Bankruptcy Filings Surged in First Quarter of 2007
WASHINGTON (AP) — Spurred by a sputtering U.S. economy, bankruptcy filings are on the rise in 2007, an increase analysts predict will continue.
In the first three months of 2007, business bankruptcy filings rose 60 percent and consumer filings increased by 70 percent, compared with the first three months of 2006, according to data collected by Jupiter eSources LLC, an Oklahoma City company that runs a bankruptcy database called Automated Access to Court Electronic Records, or AACER.
"Bankruptcies are definitely on the rise," said Jupiter Chief Manager Michael A. Bickford. "There’s no question."
The AACER database, which receives daily filing updates from every court in the nation, reports that overall daily filing averages have climbed by 26 percent since January. On average, 3,316 cases were filed each day last month. AACER categorizes consumer filings differently than the PACER system run by the Administrative Office of the U.S. Courts, which accounts for slight number variations.
Bankruptcy filings hit an all-time low in 2006, when major corporations enjoyed fat profits and consumer spending was high. Analysts said that drop in filings also reflected a tough new bankruptcy law that took effect in October 2005. The law made bankruptcy an unattractive option for consumers and businesses alike.
The drop, accordingly, was interpreted by some framers of the new laws as a vindication of the Bankruptcy Abuse Prevention and Consumer Protection Act of 2005. In a statement last year, Sen. Charles Grassley, R-Iowa, said "It’s fair to say that bankruptcy reform has been a success for our economy."
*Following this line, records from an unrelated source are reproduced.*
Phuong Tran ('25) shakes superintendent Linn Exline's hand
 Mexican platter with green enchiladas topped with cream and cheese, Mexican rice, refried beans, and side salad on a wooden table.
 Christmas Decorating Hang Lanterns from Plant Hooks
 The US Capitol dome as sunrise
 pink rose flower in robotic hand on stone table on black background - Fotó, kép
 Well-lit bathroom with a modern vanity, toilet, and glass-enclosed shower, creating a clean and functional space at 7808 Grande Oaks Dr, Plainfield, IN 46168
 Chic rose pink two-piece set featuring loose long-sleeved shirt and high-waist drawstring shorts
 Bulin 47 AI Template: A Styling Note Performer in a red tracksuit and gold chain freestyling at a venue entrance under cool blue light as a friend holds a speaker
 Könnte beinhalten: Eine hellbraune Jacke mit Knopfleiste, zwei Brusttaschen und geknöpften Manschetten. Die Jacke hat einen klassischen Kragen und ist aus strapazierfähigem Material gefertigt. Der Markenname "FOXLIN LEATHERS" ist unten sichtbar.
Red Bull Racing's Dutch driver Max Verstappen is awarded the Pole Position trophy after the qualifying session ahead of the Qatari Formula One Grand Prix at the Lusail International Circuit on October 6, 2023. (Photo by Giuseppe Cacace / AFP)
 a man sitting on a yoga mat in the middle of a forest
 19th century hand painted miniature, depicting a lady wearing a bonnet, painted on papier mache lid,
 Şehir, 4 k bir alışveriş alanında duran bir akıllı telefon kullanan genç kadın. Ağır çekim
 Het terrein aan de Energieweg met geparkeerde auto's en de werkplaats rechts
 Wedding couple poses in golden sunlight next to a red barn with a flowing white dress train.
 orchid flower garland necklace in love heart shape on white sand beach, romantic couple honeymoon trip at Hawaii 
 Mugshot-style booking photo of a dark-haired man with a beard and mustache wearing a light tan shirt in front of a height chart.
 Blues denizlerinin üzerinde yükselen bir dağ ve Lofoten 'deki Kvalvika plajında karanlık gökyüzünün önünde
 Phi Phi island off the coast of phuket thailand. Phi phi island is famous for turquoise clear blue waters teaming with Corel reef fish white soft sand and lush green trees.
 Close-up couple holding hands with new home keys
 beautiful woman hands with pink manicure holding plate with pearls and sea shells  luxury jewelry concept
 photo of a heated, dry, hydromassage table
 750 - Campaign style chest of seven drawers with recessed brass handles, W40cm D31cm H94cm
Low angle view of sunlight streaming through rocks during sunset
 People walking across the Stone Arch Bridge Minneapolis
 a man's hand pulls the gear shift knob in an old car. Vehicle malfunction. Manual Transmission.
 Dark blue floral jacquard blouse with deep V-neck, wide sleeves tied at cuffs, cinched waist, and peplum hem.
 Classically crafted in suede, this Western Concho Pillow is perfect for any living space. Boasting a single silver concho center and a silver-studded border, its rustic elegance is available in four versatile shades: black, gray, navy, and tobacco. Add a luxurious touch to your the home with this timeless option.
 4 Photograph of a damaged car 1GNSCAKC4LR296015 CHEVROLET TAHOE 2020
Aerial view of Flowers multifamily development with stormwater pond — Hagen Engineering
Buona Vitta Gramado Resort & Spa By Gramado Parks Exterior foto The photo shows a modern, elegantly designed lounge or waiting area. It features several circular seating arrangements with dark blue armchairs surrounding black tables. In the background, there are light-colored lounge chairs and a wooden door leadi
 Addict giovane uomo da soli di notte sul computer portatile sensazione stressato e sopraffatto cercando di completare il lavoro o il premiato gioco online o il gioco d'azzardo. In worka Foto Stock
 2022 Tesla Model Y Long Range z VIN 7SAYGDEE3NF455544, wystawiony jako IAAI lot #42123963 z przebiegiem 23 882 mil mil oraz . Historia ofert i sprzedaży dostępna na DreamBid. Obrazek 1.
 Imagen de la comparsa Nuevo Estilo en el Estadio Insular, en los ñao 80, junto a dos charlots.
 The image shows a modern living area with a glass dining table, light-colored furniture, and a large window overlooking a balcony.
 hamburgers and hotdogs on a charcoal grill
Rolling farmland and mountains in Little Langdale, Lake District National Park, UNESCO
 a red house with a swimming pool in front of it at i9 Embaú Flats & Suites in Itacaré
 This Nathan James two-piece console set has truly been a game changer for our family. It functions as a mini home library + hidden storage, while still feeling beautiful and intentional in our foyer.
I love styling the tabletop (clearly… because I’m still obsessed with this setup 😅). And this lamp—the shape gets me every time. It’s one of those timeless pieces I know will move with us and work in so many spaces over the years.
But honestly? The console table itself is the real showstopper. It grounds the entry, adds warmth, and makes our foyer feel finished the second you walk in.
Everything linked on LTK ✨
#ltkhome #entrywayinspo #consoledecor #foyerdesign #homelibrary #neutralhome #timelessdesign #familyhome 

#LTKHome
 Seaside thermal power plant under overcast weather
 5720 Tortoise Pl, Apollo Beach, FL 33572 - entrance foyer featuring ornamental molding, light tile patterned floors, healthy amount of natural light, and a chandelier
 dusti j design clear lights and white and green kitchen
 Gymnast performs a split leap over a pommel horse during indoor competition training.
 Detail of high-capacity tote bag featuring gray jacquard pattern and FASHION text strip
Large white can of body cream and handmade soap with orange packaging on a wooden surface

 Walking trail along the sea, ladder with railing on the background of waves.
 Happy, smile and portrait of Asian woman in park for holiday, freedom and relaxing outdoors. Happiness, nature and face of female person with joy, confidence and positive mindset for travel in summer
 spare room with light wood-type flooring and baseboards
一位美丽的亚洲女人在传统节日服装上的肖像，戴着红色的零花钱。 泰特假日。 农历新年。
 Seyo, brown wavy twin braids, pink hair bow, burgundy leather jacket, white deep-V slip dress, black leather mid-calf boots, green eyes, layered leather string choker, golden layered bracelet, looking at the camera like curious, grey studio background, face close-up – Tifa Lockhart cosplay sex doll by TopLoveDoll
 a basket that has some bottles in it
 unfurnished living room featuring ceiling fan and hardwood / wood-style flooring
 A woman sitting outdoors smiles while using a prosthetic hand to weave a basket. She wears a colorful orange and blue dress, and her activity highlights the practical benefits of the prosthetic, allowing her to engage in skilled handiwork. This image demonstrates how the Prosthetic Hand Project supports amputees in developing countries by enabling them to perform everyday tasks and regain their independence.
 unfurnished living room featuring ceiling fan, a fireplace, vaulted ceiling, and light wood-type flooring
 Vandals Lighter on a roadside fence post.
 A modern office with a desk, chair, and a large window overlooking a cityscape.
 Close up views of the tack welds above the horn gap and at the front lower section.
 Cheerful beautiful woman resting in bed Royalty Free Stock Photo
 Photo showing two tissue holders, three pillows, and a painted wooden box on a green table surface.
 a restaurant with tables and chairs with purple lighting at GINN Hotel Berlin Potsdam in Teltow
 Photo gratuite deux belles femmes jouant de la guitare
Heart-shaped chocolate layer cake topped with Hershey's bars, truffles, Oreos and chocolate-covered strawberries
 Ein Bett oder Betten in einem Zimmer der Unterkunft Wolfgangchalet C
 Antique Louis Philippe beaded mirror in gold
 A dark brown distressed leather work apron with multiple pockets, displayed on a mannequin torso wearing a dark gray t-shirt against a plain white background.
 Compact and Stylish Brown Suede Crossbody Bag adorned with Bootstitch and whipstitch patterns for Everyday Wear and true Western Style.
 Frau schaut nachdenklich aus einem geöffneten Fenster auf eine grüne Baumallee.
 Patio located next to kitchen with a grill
Many bankruptcy experts, however, argued that a strong rebound in filings was inevitable as the economy lost steam. Experts attribute the current upswing in filings to the skyrocketing rate of home foreclosures and dwindling refinancing rates.
"It looks to me like the economy is deteriorating," said Bickford. "A prevalent factor is the increase in residential defaults on home mortgages and the subprime situation that’s going on."
On Monday, subprime lender New Century Financial Corp. filed for Chapter 11 bankruptcy protection. At least four others, People’s Choice Home Loan Inc., Mortgage Lenders Network USA Inc., ResMae Mortgage Corp. and Ownit Mortgage Solutions Inc., have also filed for bankruptcy. The subprime market is threatened by lessening liquidity and increasing defaults
Bickford said total U.S. bankruptcy filings could reach 1 million cases this year, signaling a return to levels seen before the new bankruptcy laws took effect.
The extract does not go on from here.